Tapi Kota Lama Surabaya ini kan museum hidup? Sehingga seharusnya ada kesempatan bagi pengunjung untuk bisa melihat bangunan bangunan yang dulu berfungsi sebagai bank dan kini masih sebagai bank juga, meski berganti nama. Misal dulu Spaar Bank. Kini, Maybank.

Kota Lama Surabaya ke depan akan semakin merosot atau bertahan? Itu kemudian pertanyaan yang muncul. Ini tergantung pengelola dan pemangkunya.

Sangat welcome di HVA. Foto: nng

Dari pengamatan yang kasat mata pada sore, petang dan malam hari, jumlah pengunjung ke kota Lama lambat laun menurun.
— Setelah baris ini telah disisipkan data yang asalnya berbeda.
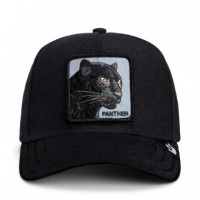 Gorra Panther Field  GOORIN BROS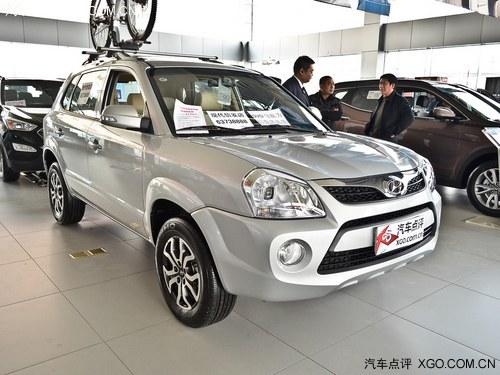 �ִ�;ʤȫϵ�Ż�4.1�� ������Ԫ���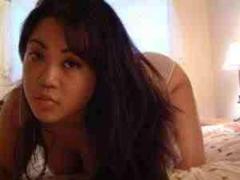 â–„â–€â–„ CALL ME 24/7 â–„â–€â–„ â?¤ VOLUPTUOUS â€”â€”â€”â€”â€”â€” ASIAN â€”â€”â€”â€”â€” 561 â€“ 291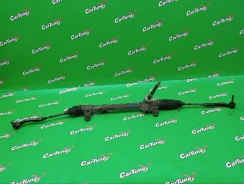 ������� ����� Toyota Prius 2007 6U0/FB41 127.062�� [�878] 4551047011 NHW20 1NZ-FXE 4551047011 ����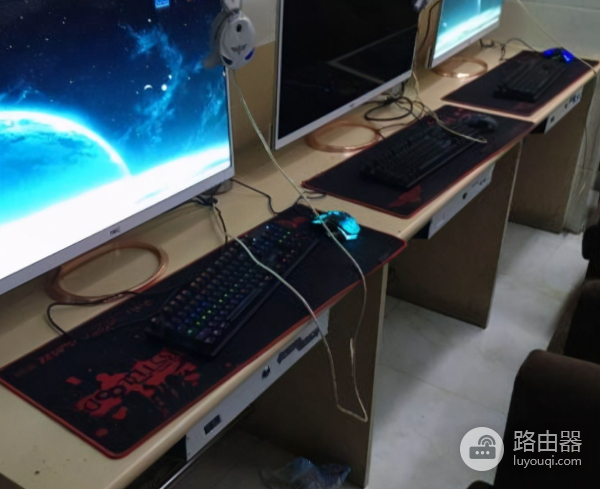 怎么让电脑自动进行文件备份(怎么让电脑自动进行文件备份运行)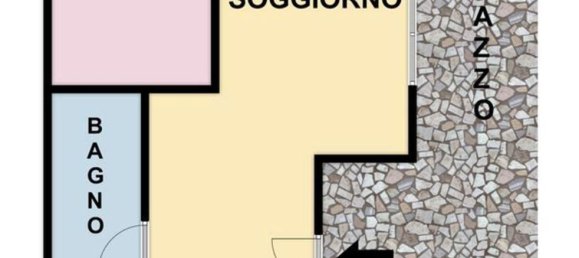 7-Zimmer Villa in Challand Saint Victor, Italy, Nr. 63352 25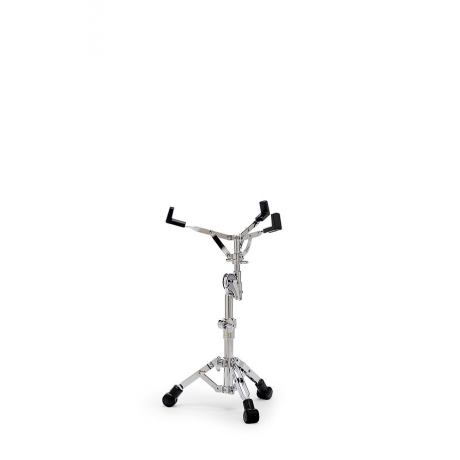 Sonor HS 4000 S Aksam Seti (Taşıma Çantalı)<br>Fotoğraf: 5/6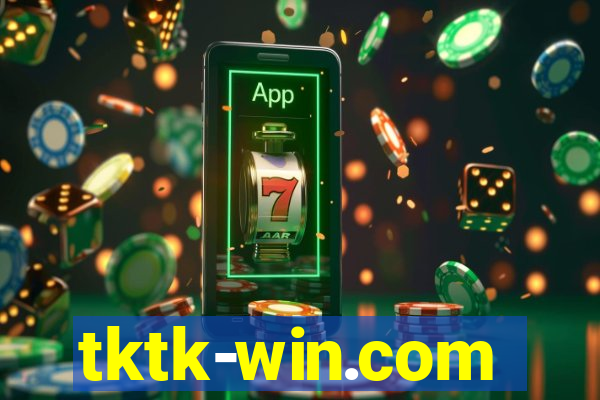tktk-win.com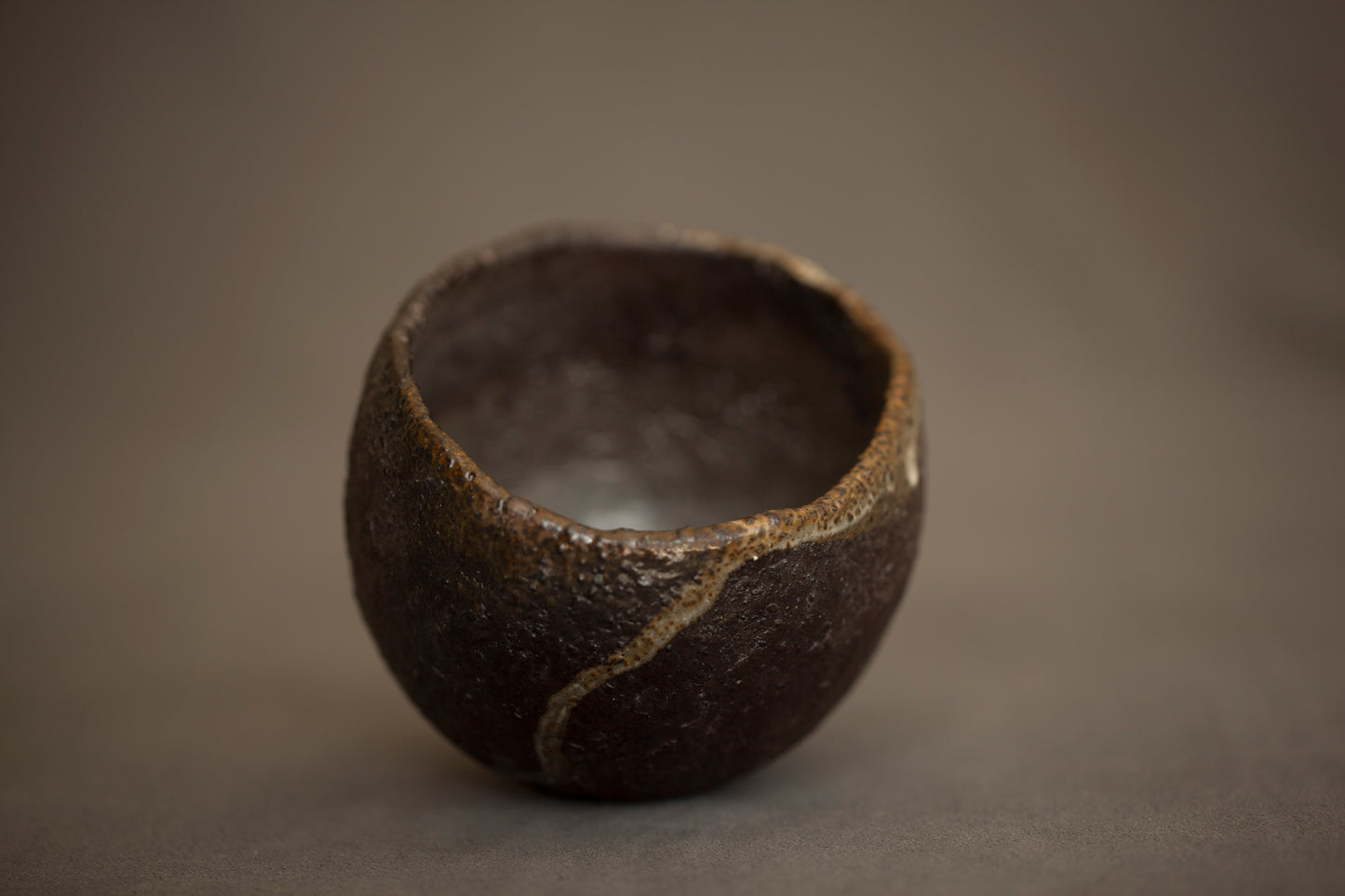 Chawan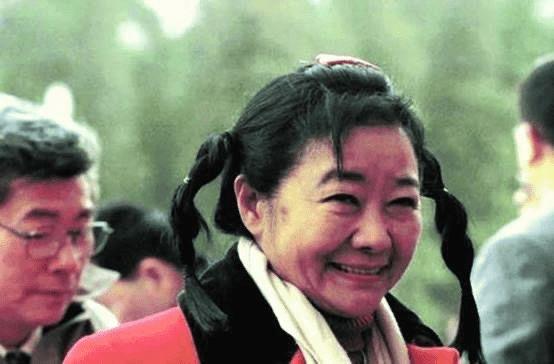 他，大专生，宰猪卖肉坐拥百亿资产，被儿子检举揭发，为啥？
Apa yang salah?

Dari pengalaman penulis yang bernaung di bawah komunitas Puri Aksara Rajapatni pada bulan Agustus saja ada satu rombongan mahasiswa Jerman, bulan September ada rombongan wisatawan Belanda dan pada Oktober mendatang akan ada rombongan wisatawan dari Belanda lagi. Bagaimana pun masih ada pengunjung.

Sungguh sayang bila pamor Kota Lama Surabaya semakin meredup apalagi dipengaruhi oleh cara cara pengelolaan yang kurang sadar wisata, misalnya mengenai kebutuhan wisatawan.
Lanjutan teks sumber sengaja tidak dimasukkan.